I love to sing. I have always identified myself as a singer. My exfriend, Amy is a singer too. We were in the same choir and she got the only solo- I was upset I didn’t get it, but my range is no longer first soprano. We grew apart and by that I mean she kicked me to the curb. I can give examples… But I am really trying not to be bitter. ANYWAYS She and I both auditioned for the school musical… I didn’t get in, she did(choir member). One of my friends, Nick, got a small role in the musical. And I am really happy for him, his voice has really improved and he deserves the role. I also have some friends working behind the scenes in tech crew. All of my friends want me to go to the musical. Normally it would be right up my ally. I wanted to go to the musical last year but couldn’t because I was busy.  I should go, support my friends, and have a good time…BUT the thought of it makes my stomach churn. I am fine with not getting in, I am fine that my friend got in, happy even, I am not fine that Amy got in. Why? Am I jealous? I wanted a role, but I am fine with not getting one, Have a lot on my plate anyways. But I can’t stand the thought of seeing her there.  Like she’s mocking me. Reminding me she’s better than me…idk. Am I jealous or what? Why do I care?

Water

My stepdad holds up a wine glass. Brown water swashes daring to fall out. He is making a big fuss about the glass. I don’t understand. It’s just a dirty wine glass filled with water to wash it. That is, I don’t get it until he tells me that water came out of our sink, brown.

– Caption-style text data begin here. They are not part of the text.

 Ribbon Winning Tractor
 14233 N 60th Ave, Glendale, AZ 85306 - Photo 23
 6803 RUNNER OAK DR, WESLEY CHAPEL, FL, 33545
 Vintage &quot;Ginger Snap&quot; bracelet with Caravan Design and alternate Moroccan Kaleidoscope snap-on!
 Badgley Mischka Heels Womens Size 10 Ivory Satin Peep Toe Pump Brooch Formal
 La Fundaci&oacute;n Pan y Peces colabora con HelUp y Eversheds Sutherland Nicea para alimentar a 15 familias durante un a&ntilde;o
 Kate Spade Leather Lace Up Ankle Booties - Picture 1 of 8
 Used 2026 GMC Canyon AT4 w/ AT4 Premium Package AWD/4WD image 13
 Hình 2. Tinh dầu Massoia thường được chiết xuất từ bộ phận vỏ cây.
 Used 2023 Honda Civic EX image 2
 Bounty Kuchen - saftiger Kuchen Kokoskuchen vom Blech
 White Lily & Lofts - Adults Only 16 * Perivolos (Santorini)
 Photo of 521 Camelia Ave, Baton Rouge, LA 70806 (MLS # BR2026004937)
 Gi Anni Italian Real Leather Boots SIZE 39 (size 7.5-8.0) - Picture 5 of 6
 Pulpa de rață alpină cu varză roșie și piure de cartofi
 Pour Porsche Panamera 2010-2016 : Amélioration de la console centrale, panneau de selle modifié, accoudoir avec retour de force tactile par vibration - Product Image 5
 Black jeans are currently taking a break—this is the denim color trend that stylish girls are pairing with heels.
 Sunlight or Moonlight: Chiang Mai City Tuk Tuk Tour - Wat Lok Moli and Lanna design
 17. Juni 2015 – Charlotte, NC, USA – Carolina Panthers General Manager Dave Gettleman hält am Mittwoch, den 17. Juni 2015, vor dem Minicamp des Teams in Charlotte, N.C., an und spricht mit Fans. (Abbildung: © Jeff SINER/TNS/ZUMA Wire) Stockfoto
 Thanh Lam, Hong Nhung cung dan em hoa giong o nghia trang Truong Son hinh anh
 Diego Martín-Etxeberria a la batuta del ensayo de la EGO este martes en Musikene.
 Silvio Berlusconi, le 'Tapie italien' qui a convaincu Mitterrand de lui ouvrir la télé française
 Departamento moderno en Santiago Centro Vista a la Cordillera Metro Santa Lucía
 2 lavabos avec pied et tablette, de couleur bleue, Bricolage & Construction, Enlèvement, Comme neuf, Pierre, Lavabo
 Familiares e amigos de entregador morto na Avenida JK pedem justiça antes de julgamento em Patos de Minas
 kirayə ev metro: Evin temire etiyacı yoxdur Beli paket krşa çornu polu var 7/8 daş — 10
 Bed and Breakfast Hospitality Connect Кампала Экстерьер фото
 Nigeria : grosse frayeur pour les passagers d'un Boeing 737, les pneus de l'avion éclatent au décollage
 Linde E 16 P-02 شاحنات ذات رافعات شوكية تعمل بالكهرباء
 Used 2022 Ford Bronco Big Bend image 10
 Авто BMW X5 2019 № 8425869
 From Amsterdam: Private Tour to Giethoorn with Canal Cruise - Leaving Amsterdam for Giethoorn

Just my dramatic account 🙂

New Year

For most people the new year is a time of looking forward to make improvements in your life. For me it is a time to reflect. I hope you all have a happy 2014, and I hope when reflecting on 2013 you don’t have any regrets. Happy New Year! 🙂

A hard time for me

There was a time when I felt like my core being had been ripped from me. I love to write and to sing, but at the time I didn’t feel good enough. I don’t know why, I had always been confident before and nothing horribly embarrassing happened. Just woke up one day and I felt like I had been living a lie. I am not a good singer, I love to sing, but I can’t. I felt like that sentence was on replay in my head. It hurt, the thing I always go to make myself feel better I couldn’t do right. But that was who I am, then all the sudden it was gone. Maybe I was comparing myself to others when it came to music, but the same happened for writing and I don’t have anyone to compare myself to there. Maybe it was because I had just had a falling out with who I thought was my best friend and felt bad because no one else wanted to be my friend. I’ll be honest, I am that annoying girl who sings in the hallways. I used to sing because it made me happy, but during this time I felt like I was singing to fill a void. The empty part when my friend should be talking, instead of pointing and laughing at me when she thinks I don’t notice. Then I read this http://www.diaryforteens.com/mydiary/ (if it isn’t there search the climb by Emmalie ostler-Miller) I realized that other people had problems too. Again I don’t know why this made a difference, I just woke up one day and the weight was gone. Full disclosure I am nervous now about singing in front of people during choir practice,(It doesn’t feel like anyone is listening in the halls) but I don’t dwell on not being a good singer. Writing wise I am fine with others reading my work, as long as I feel it is ready. If you are going through a hard time remember that you are important and that the longer you persevere the closer you are to better day.

First post

Ok so I’ve tried to write this a few times now and I realized something. The whole point of me writing this is that I can be myself and not worry about people judging me. I feel like I’m a different person around my family, around my friends, but who does that make me? So I decided to create a place where I could be myself and no one has to read it if they don’t want to. So in a nut shell this is me uncensored.